Further, LMF and/or LMC 410 may provide assistance data to the mobile device 430 e.g. for performing downlink (DL) reference signal measurements. For instance, LMF and/or LMC 410 provide the information as of where the positioning reference signals (PRS) should be measured.

It is noted that the respective method(s) according to the first, second and/or third exemplary aspect are not positioning-specific method(s), in the sense that the respective method(s) may work with any mobile device-assisted DL positioning method, such as DL-TDoA, DL-AoD, to name but a few non-limiting examples.

The mobile device 430 may for instance gather (e.g. measure) the multiple (e.g. at least two) antennas 440-1 and 440-2 to independently measure PRS sent by the base stations 420-1, 420-2 and 420-3 which signals are observable at the location of the mobile device 430. The mobile device 430 may report the multiple set of measurement report (as sample measurements) e.g. to LMF and/or LMC 410. That is, if the mobile device 430 is equipped with two antennas 440-1 and 440-2, it will repeat the process of measuring and reporting for each of the two antennas440-l and 440-2, signifying to the LMF and/or LMC 410 which antenna (e.g. as reported in a following step) the reported (e.g. provided) measurement sets correspond to.

The LMF and/or LMC 410 may for instance obtain (e.g. receive) the position of the multiple antennas independently. However, since the LMF and/or LMC 410 may be aware that such multiple antennas (e.g. antennas 440-1 and 440-2) may correspond to the same mobile device (e.g. mobile device 430), the LMF and/or LMC 410 may determine the orientation of the respective mobile device e.g. via an established process of a standard (e.g. 3GPP Technical Specification 38.305) which utilizes the (e.g. estimated) location of the multiple antennas in addition to their distance. Although the orientation (e.g. 2D and/or 3D orientation) of the respective mobile device can be inferred with the use of the antenna locations, the distance between the mobile device antennas is utilized as well so as to increase the orientation accuracy.

In a Fig. 5, a signaling associated with example embodiments of all exemplary aspects is shown.

5G-core (5GC) entities may request via a "Location Service Request” comprising e.g. "Indication of Orientation information” to the AMF, which may send the request to the LMF 510 (e.g. corresponding to LMF and/or LMC 110 of Fig. 1). One or more NG-RAN procedures may take place between the NG-RAN and the LMF 510. For instance, in addition to the procedure as proposed in the 3GPP standard Technical Specification 38.305, the LMF 510 may request provision of at least capability information from the UE 530 (e.g. corresponding to the mobile device 130 of Fig. 1). For instance, Request of UE capabilities including number of antennas and antenna geometry may be requested (see request 502, and also step 202 of Fig. 2) by the LMF 510. The UE 530 may do UE geometry-specific measurements, e.g. by retrieving such at least capability information from a memory, and by gathering (e.g. measuring) at least two sample measurements with the UE’s at least two antennas or antenna panels, and provide the at least capability information to the LMF 510 (see "UE geometry-specific measurement report”, see provision 503, and also step 203 of Fig. 2). This measurement report may comprised or be accompanied by the at least two sample measurements gathered by the UE 530. Based on the received report of provision 503, the LMF 510 may determine at least orientation information, e.g. by estimating of UE position and orientation (e.g. together). Correspondingly, "Location and orientation Service Response” may take place and in response, "Location and orientation Service Response” may be provided to 5GC Entities. The signaling is based, at least in part, on LPP, in particular with the modification of request 502, report 503 and determining of at least orientation information, e.g. as part of a location-based service (location estimation of the UE 530)..

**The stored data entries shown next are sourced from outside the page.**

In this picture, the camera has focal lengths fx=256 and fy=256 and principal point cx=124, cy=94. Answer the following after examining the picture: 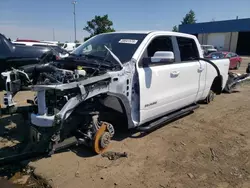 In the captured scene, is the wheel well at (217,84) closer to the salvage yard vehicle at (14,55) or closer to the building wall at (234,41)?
the salvage yard vehicle at (14,55)

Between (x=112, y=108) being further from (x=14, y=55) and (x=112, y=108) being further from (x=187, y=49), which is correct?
(x=14, y=55)

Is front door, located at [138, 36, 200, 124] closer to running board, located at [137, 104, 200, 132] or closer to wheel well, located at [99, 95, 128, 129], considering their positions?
running board, located at [137, 104, 200, 132]

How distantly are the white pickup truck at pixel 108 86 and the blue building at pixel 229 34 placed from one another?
135 ft

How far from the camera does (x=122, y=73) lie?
13.0ft

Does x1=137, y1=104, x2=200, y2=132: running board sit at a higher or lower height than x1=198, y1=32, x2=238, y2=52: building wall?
lower

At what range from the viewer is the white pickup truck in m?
3.34

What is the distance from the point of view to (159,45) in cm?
489

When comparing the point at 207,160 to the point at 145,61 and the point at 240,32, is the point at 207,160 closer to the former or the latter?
the point at 145,61

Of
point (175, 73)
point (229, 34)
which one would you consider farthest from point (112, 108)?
point (229, 34)

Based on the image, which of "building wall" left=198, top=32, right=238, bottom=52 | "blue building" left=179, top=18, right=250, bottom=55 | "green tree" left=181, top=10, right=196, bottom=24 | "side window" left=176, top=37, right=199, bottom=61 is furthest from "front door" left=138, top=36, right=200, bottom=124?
"green tree" left=181, top=10, right=196, bottom=24

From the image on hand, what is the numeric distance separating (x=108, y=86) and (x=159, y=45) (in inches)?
65.2

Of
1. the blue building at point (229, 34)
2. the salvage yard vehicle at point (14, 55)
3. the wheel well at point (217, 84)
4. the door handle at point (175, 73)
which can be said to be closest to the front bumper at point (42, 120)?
the door handle at point (175, 73)

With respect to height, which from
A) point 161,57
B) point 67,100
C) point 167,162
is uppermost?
point 161,57

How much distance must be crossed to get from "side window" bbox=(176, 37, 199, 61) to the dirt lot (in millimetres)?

In this way, it is enabled a signaling framework e.g. between a positioning or location server (e.g. LMF and/or LMC) and one or more mobile devices (e.g. (target) UEs), e.g. for deriving the orientation of a mobile device. This can be done together with the positioning. The framework may relate to a scenario in which the mobile device(s) is (are) equipped with multiple antennas or antenna panels, e.g. placed at mobile device parts well separated from one another. The antenna geometry within or of the mobile device is assumed to be known by the respective mobile device. Thus, the respective mobile device is enabled to report (e.g. provide) such information as at least capability information to the network, e.g.

LMF and/or LMC. Based on providing such antenna geometry comprised or represented by, at least in part, at least capability information from the respective mobile device to the network, the network may then initiate a separate positioning process for each of the UE antennas. Then, as a second step, the network can derive the orientation of the respective mobile device (e.g. UE), e.g. by properly combining the locations of the multiple antennas of the respective mobile device and the reported antenna geometry. The use of multiple antennas of the mobile device with known geometry for determining (e.g. estimating) the orientation of the mobile device respectively the multiple antennas comprised by or connectable to the respective mobile device may result in higher orientation accuracy.

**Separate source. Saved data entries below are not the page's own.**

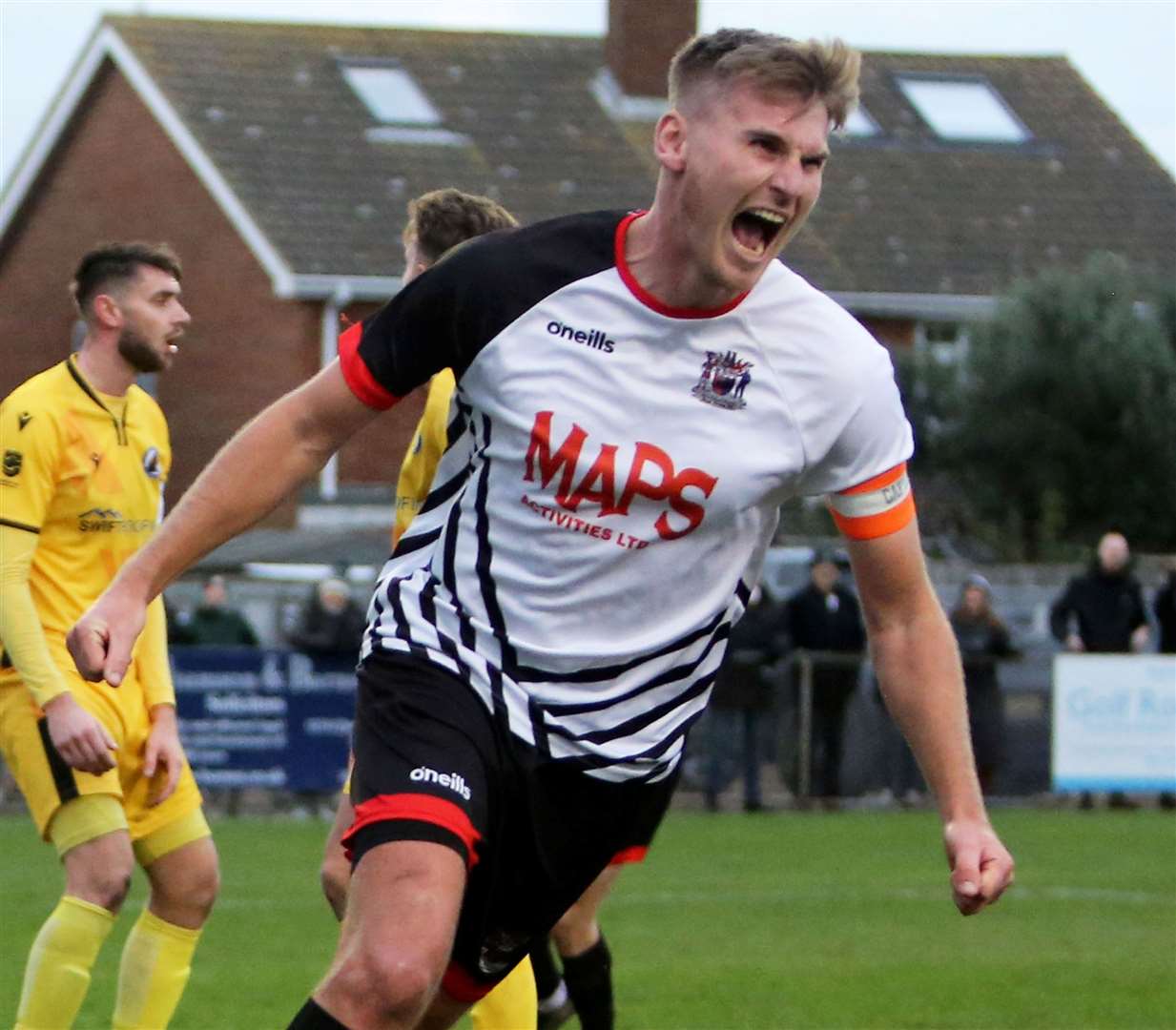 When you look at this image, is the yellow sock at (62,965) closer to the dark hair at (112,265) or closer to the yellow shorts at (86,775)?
the yellow shorts at (86,775)

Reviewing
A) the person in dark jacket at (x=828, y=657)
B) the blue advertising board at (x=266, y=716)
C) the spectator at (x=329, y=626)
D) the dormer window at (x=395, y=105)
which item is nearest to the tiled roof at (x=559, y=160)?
the dormer window at (x=395, y=105)

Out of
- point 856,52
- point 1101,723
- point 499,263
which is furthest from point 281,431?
point 1101,723

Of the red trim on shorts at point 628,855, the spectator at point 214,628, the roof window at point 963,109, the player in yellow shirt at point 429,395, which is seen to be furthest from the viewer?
the roof window at point 963,109

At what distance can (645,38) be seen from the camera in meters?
35.2

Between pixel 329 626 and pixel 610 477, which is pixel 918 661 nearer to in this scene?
pixel 610 477

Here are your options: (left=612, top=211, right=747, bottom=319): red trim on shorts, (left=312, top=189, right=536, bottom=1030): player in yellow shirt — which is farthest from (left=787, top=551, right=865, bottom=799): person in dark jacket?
(left=612, top=211, right=747, bottom=319): red trim on shorts

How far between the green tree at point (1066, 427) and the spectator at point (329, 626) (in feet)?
48.2

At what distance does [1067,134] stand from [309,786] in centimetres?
2245

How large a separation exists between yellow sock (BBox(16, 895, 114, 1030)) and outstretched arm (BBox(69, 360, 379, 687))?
2270mm

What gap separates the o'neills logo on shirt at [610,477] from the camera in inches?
185

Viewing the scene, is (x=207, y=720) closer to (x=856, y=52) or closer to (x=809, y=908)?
(x=809, y=908)

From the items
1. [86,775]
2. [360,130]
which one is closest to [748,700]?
[86,775]

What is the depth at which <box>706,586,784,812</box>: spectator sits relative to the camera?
18.9m

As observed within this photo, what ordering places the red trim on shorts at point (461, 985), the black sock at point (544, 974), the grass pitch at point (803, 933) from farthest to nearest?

In the following embodiment, an implementation example embodiment of (a) respective method(s) according to the first, second, and/or third exemplary aspects is disclosed. In this example embodiment, the respective mobile device is equipped with two antennas that are embedded in the mobile device. It will be understood that correspondingly, also mobile devices with more than two antennas or antenna elements are supported. The implementation may for instance be done on part of a LMF and/or a LMC of a network (e.g. as a 5G network core function). The orientation of a respective target mobile device may be determined, e.g. as a function of antenna location estimates. The orientation of the target mobile device may be determined, e.g. derived based, at least in part, on relative estimated locations of the two antennas, in conjunction with the provided distance, denoted by d. The LMF and/ or the LMC may receive at least two sample measurements (e.g. a list of measurements for each antenna respectively antenna panel]. Then, it may determine (e.g. compute] position estimates (e.g. according to soft and/or hard boundary model] of each antenna respective antenna panel comprised by the target mobile device. For instance, the LMF and/or the LMC may employ approaches of Bayesian inference and formulate a constrained optimization problem to compute soft position respectively location estimates, to name but one non-limiting example. For instance, such soft position estimates may be associated with (at least some] mean and variance of the position.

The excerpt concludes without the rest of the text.